Applying these principles, we affirm the district court’s judgment granting the
defendants’ summary judgment motion for substantially the same reasons as those stated in the
court’s October 16, 2012 decision. See Kuck v. Danaher, No. 07-cv-1390, 2012 WL 4904387
(D. Conn. Oct. 16, 2012). With respect to the plaintiffs’ procedural due process claims against
certain members of the Connecticut Board of Firearms Permit Examiners (the “Board”), the
district court correctly held that, as a matter of law, the length of time between the plaintiffs’
administrative appeals of the relevant adverse permitting decisions and the scheduled hearing
dates for those appeals—18 months for Kuck and 22 months for Goldberg—comported with due
process under the circumstances. See id. at *15-27 (applying the balancing test set forth in
Matthews v. Eldridge, 424 U.S. 319 (1976) to plaintiffs’ claim against the Board members). The
undisputed evidence in the record establishes that the delays at issue resulted from routine
administrative burdens that were compounded by significant and unforeseeable increases in the
number of appeals before the Board, and that the Board made good faith and ultimately
successful efforts to reduce those delays. See Isaacs v. Bowen, 865 F.2d 468, 477 (2d Cir. 1989)
(“Regrettably, delay is a natural concomitant of our administrative bureaucracy.”). This
evidence refutes many of the allegations on which we based our prior determination in this case
that Kuck had sufficiently pleaded a procedural due process claim in his complaint. See Kuck v.

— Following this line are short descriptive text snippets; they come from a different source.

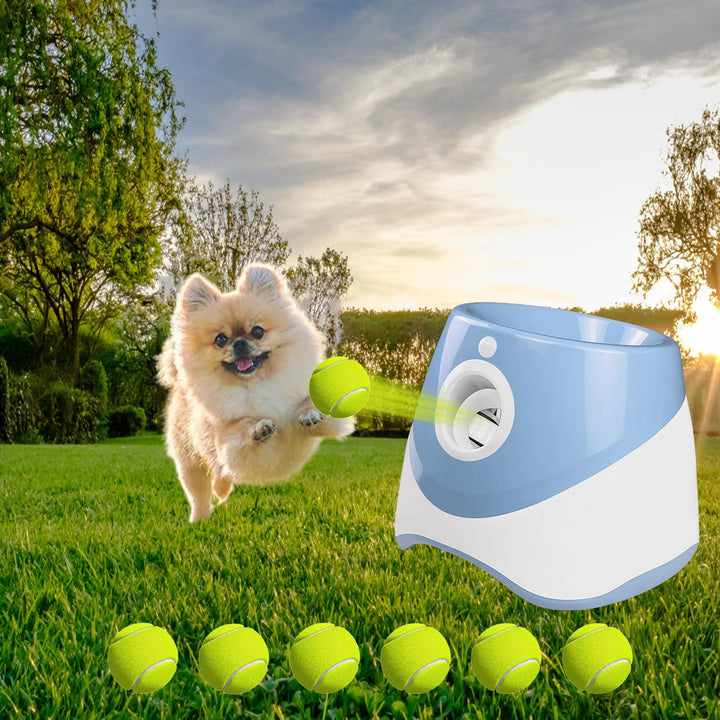 Ballwurfmaschine für Hund, Automatischer Hunde Ballwurfmaschine mit 6 Tennisbälle, Hundespielzeug Ba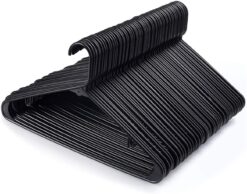 HOUSE DAY Black Plastic Hangers Tubular Adult Hangers 16.5 Inch, (Black, 60 Pack)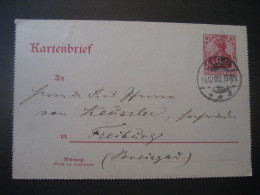 Deutsches Reich- Ganzsache Kartenbrief  K 12, Gelaufen 1902 Von Jauer/Polen Nach Freiburg - Covers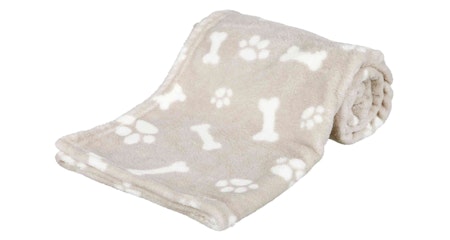 Filt KENNY, beige med tassavtryck 100x75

Danaher, 600 F.3d 159, 166 (2d Cir. 2010) (noting that Kuck had suggested in his complaint that
appeals to the Board “sit[ ] gathering dust for nearly all of the interim period, awaiting the
scheduled hearing date”).
3
For similar reasons, we reject the plaintiffs’ claim that certain officials of the Connecticut
Department of Public Safety (the “DPS”) violated procedural due process by failing to address
the delay.2 The DPS defendants possessed only a limited ability to affect the speed of the
appeals procedure, and they cooperated with the Board’s good faith and successful efforts to
reduce the backlog.
Regarding Goldberg’s additional procedural due process claim against the DPS
defendants, the undisputed evidence in the record establishes that, in revoking Goldberg’s permit
to carry a pistol, DPS complied with Conn Gen. Stat. § 29-32(b). Under that statute, the
Commissioner of DPS may revoke a permit to carry a pistol “based upon the [C]ommissioner’s
own investigation or upon the request of any law enforcement agency.” Conn Gen. Stat. § 29-
32(b). In an undisputed declaration, DPS Detective Barbara Mattson affirmed that an officer of
the Glastonbury Police Department (“GPD”) contacted her regarding Goldberg’s June 2007
arrest for breach of the peace and that she believed this communication to be a request to revoke
Goldberg’s permit to carry a pistol. Detective Mattson further affirmed that she investigated the
incident by reviewing Goldberg’s arrest report. See JA at 445-46. While the plaintiffs argue that
DPS failed to investigate adequately the circumstances surrounding Goldberg’s arrest, they
neither demonstrate that reviewing the relevant arrest report was an inadequate investigation
under Conn. Gen Stat. § 29-32(b) nor explain what a more complete investigation would have
entailed. In any event, DPS was not required to investigate independently the circumstances
surrounding Goldberg’s arrest prior to revoking his permit, as Detective Matton reasonably
believed that she had received a revocation request by the GPD. See Conn Gen. Stat. § 29-32(b).
2
The DPS is now known as the Connecticut Department of Emergency Services and Public
Protection.
4
Finally, the district court properly dismissed Goldberg’s Fourth Amendment claims
against the DPS defendants for the reasons stated in its decision. See Kuck, 2012 WL 4904387,
at *32.
We have considered the plaintiffs’ remaining arguments on appeal and find them to be
without merit. Accordingly, the district court’s judgment is AFFIRMED.